Nairobi — Kenya Ferry Services Limited has requested tenders for the expansion of its Peleleza mooring jetty to accommodate the two 70-metre new ferries.
In an advertisement in the daily papers on Friday, the acting managing director Isaac Kamau has called for interested firms to deposit their tendering proposals at the Likoni mainland offices.
"KFS is a state corporation registered as a private company which is mandated to provide services across the Likoni channel to South Coast and beyond," he says.
The contracted firm will be also required to repair and expand the Likoni ferry landing ramps to provide symmetrical ramp surface and 40-metre sea front landing area.
In a recent interview, the KFS board chairman Joseph Kingi said the envisaged arrival of the two new ferries from Germany would increase their fleet to seven thus congesting the current jetty and necessitating the expansion.
"Before the ferries arrive in the country, we plan to expand the island and mainland ramps to ease landing of our vessels," he added.
The vital link to the South Coast and Tanzania has been a point of acrimonious debate between hotel industry investors and the government.
Frequent breakdowns of the ferries plying the Likoni channel have caused some investors of South Coast to think of relocating elsewhere to save their businesses.
According to tour firms operating there daily ferry delays at the channel have made some of their clients to miss their flights at Moi International Airport.
"This has forced many of us to wake up our clients earlier than normal in the morning to give an allowance for delays at Likoni," says a source which wished not to be named.
The multi-million hotel industry investment with a turn around of billion of shillings is under threat due to the breakdown of ageing ferries that occasion massive losses and cancellations of hotel bookings in the South Coast.

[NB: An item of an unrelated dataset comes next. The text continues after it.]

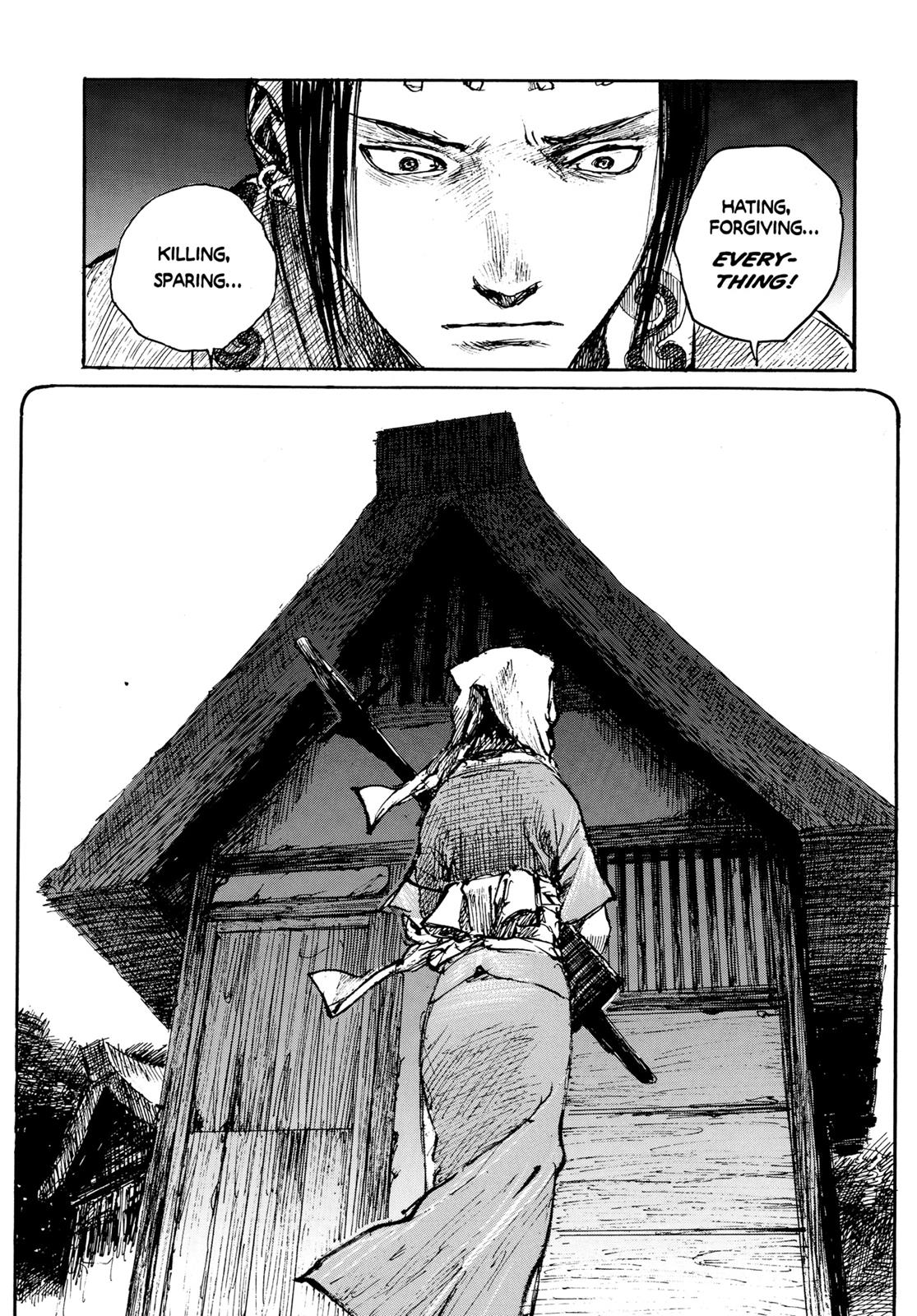 Blade of the Immortal Chapter 71 - Page 7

According to the chairman of the umbrella hotel association, the Kenya Association of Hotel Keepers Mr Titus Kangangi, the ferry failures are actually having an even more chilling development: they are causing investor and capital flight from the region.
In a telephone interview with Nation, Mr Kangangi said unless a lasting solution is found, "We shall be strangling the economy and punishing investors who have put in a lot in opening up the South Coast of Mombasa."
The ferries were originally meant to arrive before Christmas, but after a recent delegation visited Germany where they are being built, the arrival dates were shifted to early next year.
With the call for tenders now appearing in the newspapers, residents of Mombasa might get to see the ferries finally.